Kyle Roche and I published an essay on Bitcoin in the Wall Street Journal on Monday, explaining why it is rising in price and becoming less volatile. It gains as national currencies become more risky stores of value. Given the state of the world, that means bitcoin has a bright future! As we say “The instability caused by problems with the euro, Brexit and the many Western democracies’ growing ratio of debt to gross domestic product threatens the value of even established currencies. Bitcoin is likely to succeed so long as the value of other moneys rests on politics.” We could have added that by serving as a hedge against bad politics Bitcoin is also an instrument of liberty.
Some commentators responded by impugning Bitcoin, but they did so on the basis of false notions and confusions. Here are the most common claims and brief rebuttals.
1. Bitcoin is simply an instrument of crime.
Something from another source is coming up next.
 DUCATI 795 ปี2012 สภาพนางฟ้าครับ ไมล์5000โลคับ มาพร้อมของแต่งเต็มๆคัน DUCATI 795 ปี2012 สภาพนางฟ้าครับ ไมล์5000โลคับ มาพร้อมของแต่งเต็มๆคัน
The argument is that Bitcoin is used because it helps criminals make payments that avoid discovery. This assertion would not explain why Bitcoin continues to rise in price. Moreover, investigators find Bitcoin helpful in tracking down criminals, because it helps them follow money changing hands and connect it to criminal activity. Central banks themselves have concluded that cash better facilitates crime than does Bitcoin.
2. Bitcoin can be hacked. In fact, the record of Bitcoin transactions are kept on thousands of independent computers, making it almost impossible to disrupt its ecosystem. It is true that some companies that hold Bitcoin for others have been hacked. But banks have been robbed from time immemorial. And the companies holding Bitcoin have been getting much more sophisticated and resistant to theft.
3. Bitcoin does not perform any function that gold cannot. It is certainly true that gold can act as a hedge against weak and politicized currencies. But because of its bulk, gold is not a practical payment system. It thus is inferior to Bitcoin as a store of value and potential currency.
4. Governments can crush Bitcoin. This claim contains a grain of truth, because in the past, as we have shown in an academic article, governments, including liberal governments like the United States and Britain, have successfully put an end to private currencies. But Bitcoin does not exist within any single jurisdiction, making it much more difficult to disrupt. And as it becomes more established, many governments are coming to terms with it, perhaps under the pressure of their Bitcoin entrepreneurs. For instance, in April 2017, Japan accepted Bitcoin as a legally recognized prepaid payment instrument, like a debit card, that can be used to pay for goods and services. The result has been greater interest in Japan in using Bitcoin.
5. Bitcoin cannot gain substantial market share as a currency, because most people do not understand how it works. Again this claim has a grain of truth. Many people are unlikely to rely on something so new for something so essential to their lives—money. But three factors will temper this problem over the long run. First, the younger generation is the digital generation, and a digital currency that depends on an algorithm will not seem so outlandish to them. Second, the very rise in the price of Bitcoin will instill confidence even among their elders. And finally there is politics: citizens may not be confident that they can trust Bitcoin. But at least in some nations they are confident that they cannot trust the currency of their government, and Bitcoin may be the best alternative given their government’s restrictions on holding the currencies of other more trustworthy nations.